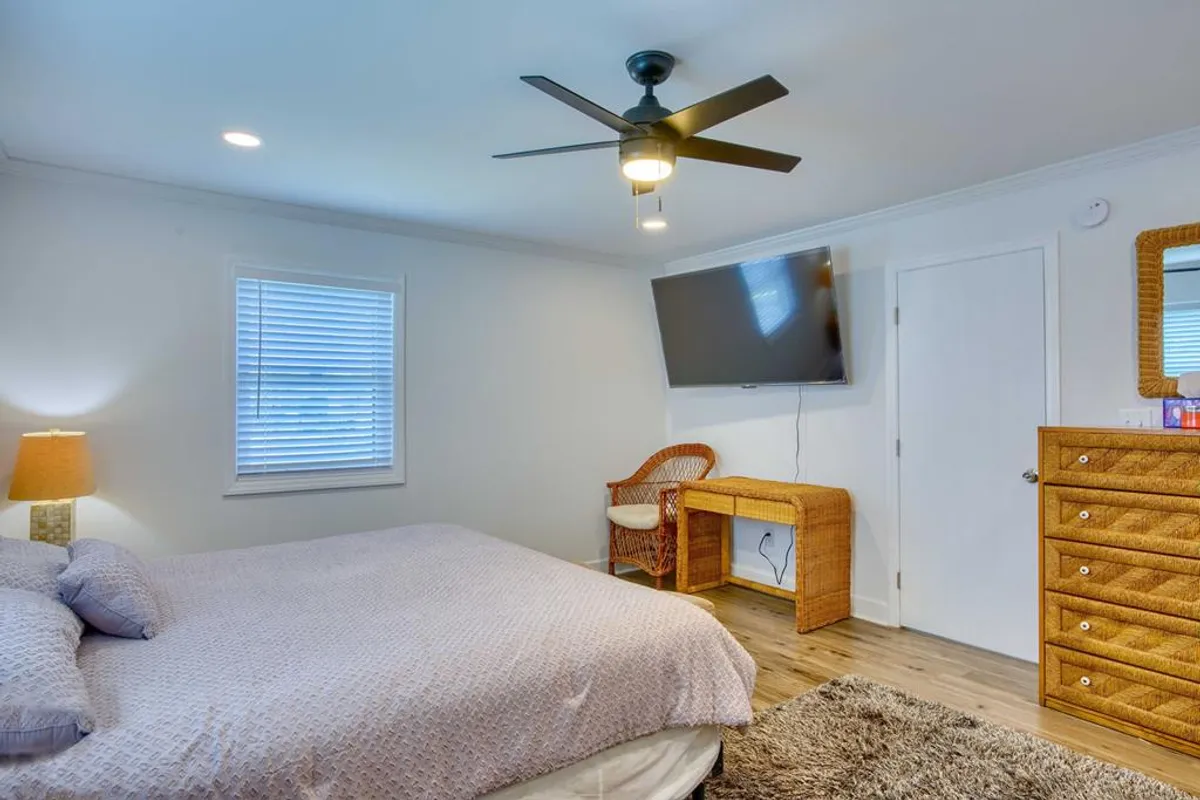 A serene guest bedroom with light purple bedding, a woven chair perfect for reading, a TV mounted on the wall, and a wooden dresser with a wicker design. The ambiance is peaceful and inviting, with ample natural light adding to the sense of a private sanctuary.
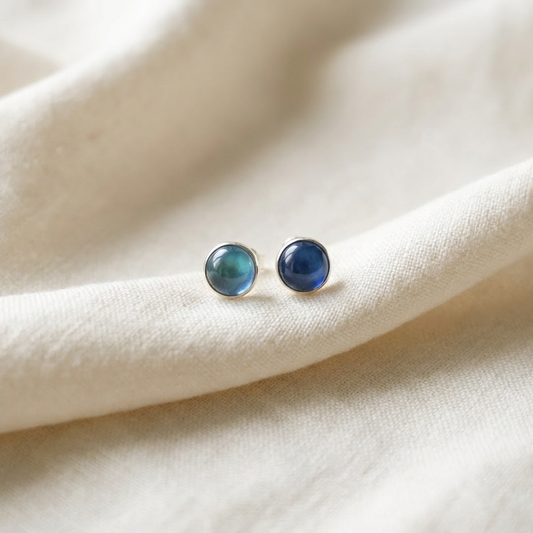 Pair of blue gemstone stud earrings on a beige fabric background
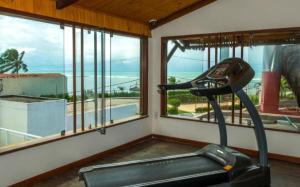 ein Raum mit einem Fitnessstudio mit Fenstern und einem Laufband in der Unterkunft Apartamento 320 Praia Bonita Resort in Nísia Floresta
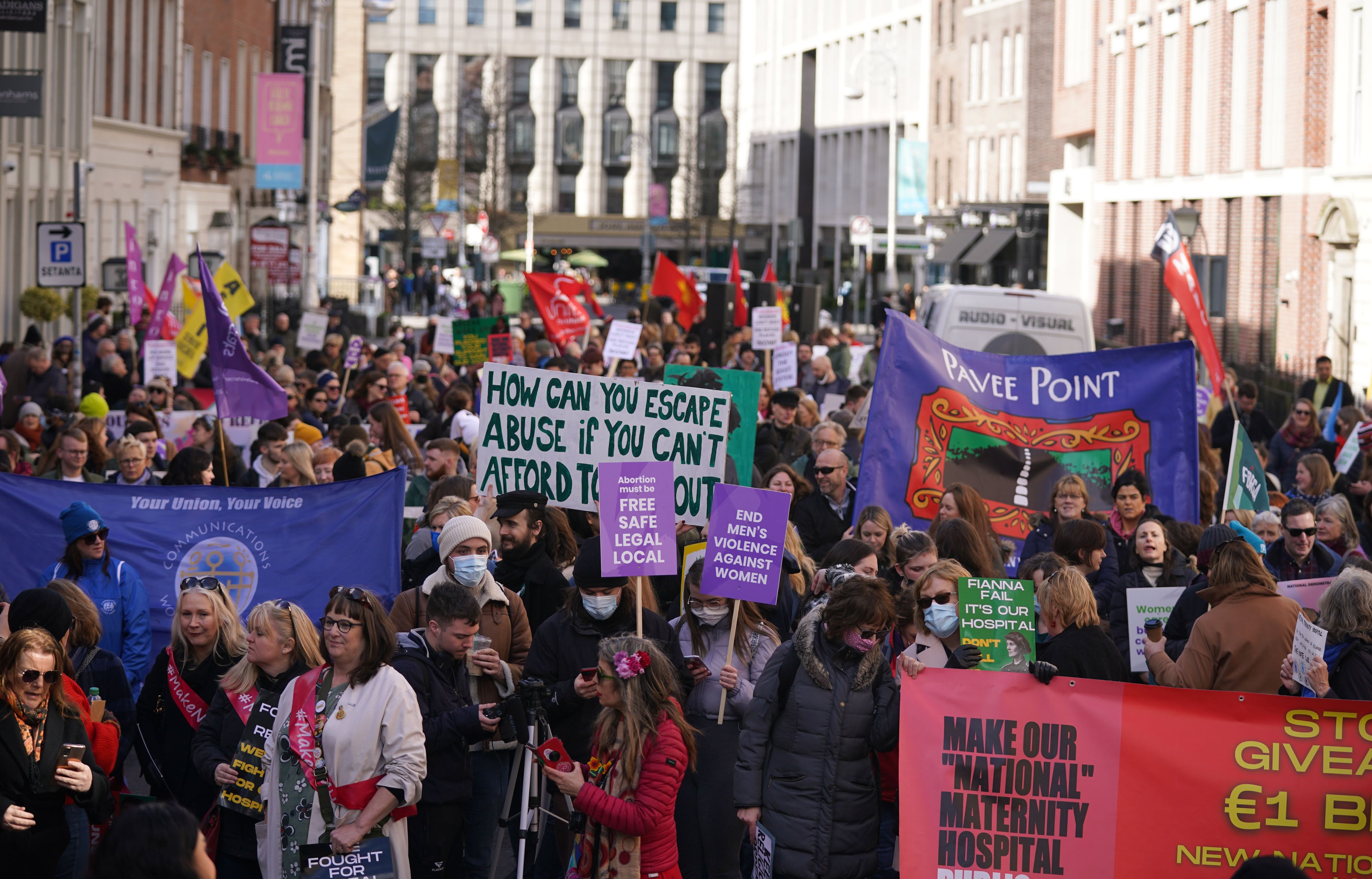 People take part in a National Women’s Council of Ireland rally outside Leinster house in Dublin (Niall Carson/PA)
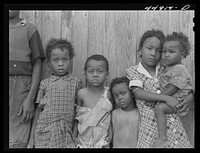 Some of the children of a family of ten who must move out of the area being taken over by the Army in Caroline County, Virginia. Sourced from the Library of Congress.
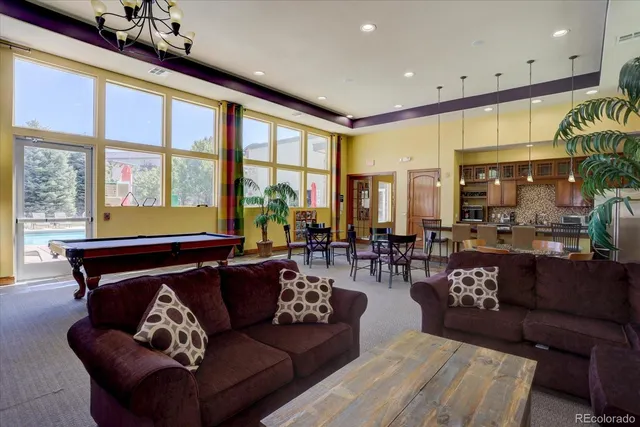 a view of a house with swimming pool and sitting area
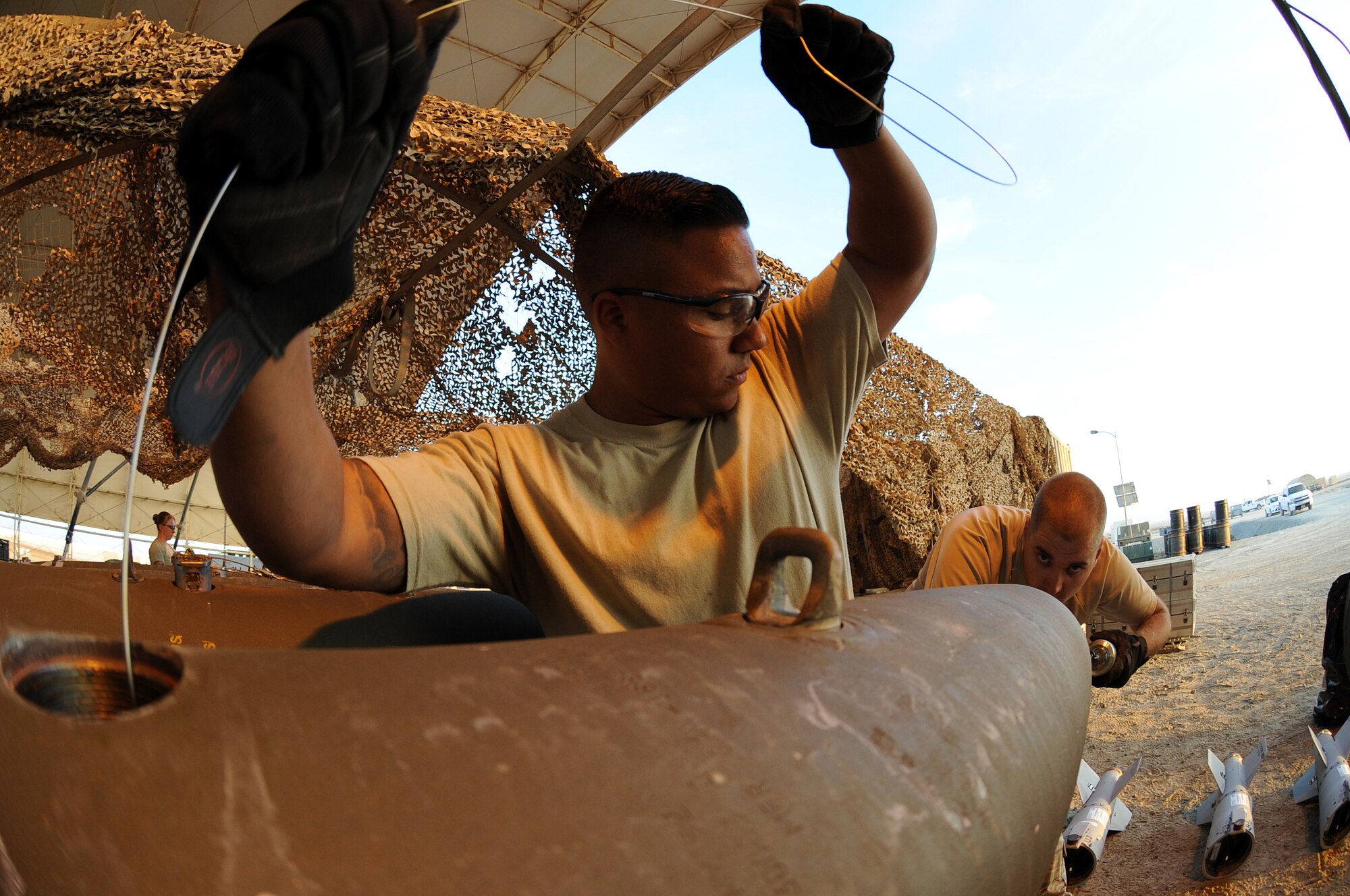 Airman 1st Class Luis assists Senior Airman Adam with feeding a power cable into a MK-82 bomb conduit Dec. 21, 2014, in Southwest Asia.  This process is needed to ensure the electrical current generated by the FZU-55 bomb initiator will be fed to the fuze.  Both Airmen are deployed from Seymour Johnson Air Force Base, N.C.   (U.S. Air Force photo/Senior Master Sgt. Carrie Hinson)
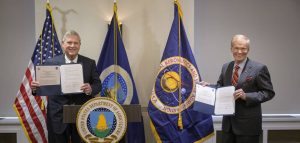U.S. Secretary of Agriculture Thomas Vilsack, left, and NASA Administrator Bill Nelson signing memorandums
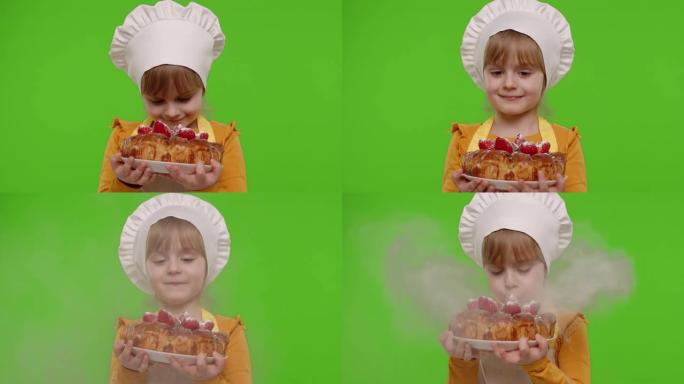 扮成厨师厨师的女童儿童在草莓蛋糕上撒上糖霜，色度关键背景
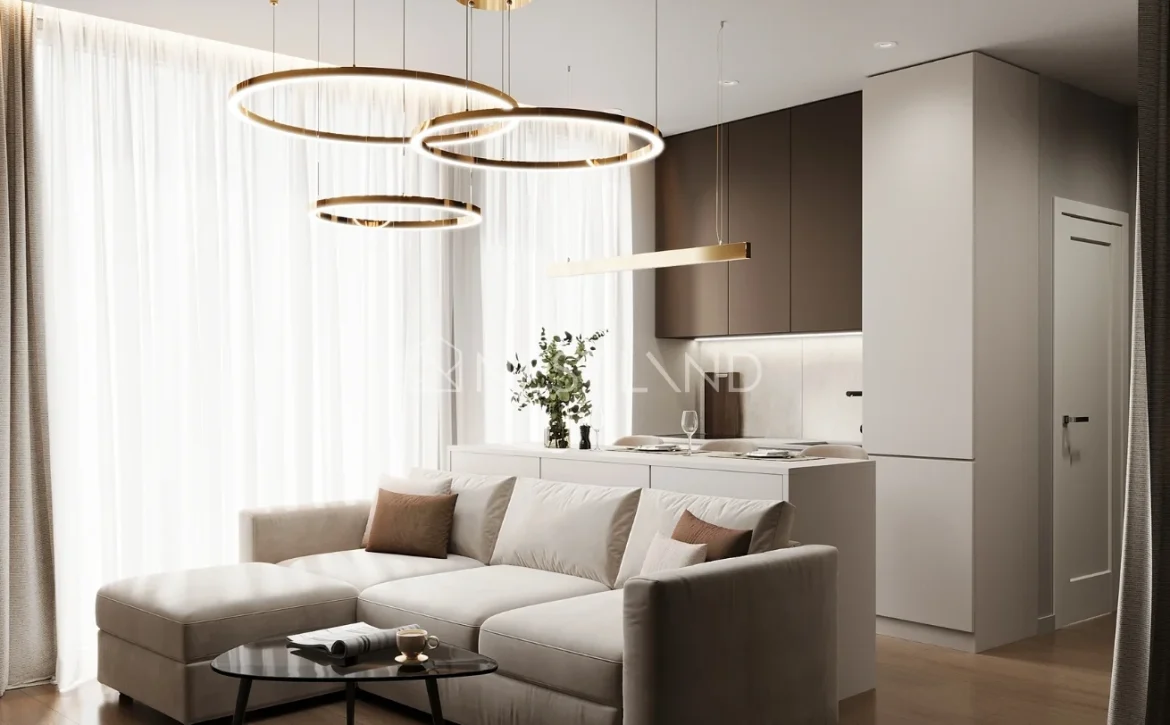 Modern living room with beige sofa, circular hanging lights, and a kitchen in the background.
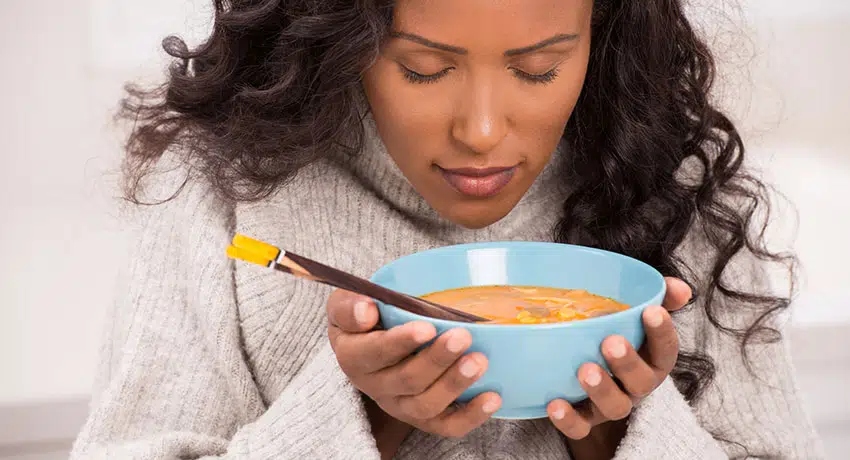 Woman enjoying a bowl of soup wearing a sweater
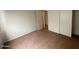 Neutral bedroom with a large closet providing ample storage space at 4714 E Pueblo Ave, Phoenix, AZ 85040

Requirement:
Repeat exactly the lines from the one containing "扮成厨师厨师的女童儿童在草莓蛋糕上撒上糖霜，色度关键背景" to the last line of the records above, including both, and leave out any pictures.

Exercise answer:
 扮成厨师厨师的女童儿童在草莓蛋糕上撒上糖霜，色度关键背景
 Modern living room with beige sofa, circular hanging lights, and a kitchen in the background.
 Woman enjoying a bowl of soup wearing a sweater
 Neutral bedroom with a large closet providing ample storage space at 4714 E Pueblo Ave, Phoenix, AZ 85040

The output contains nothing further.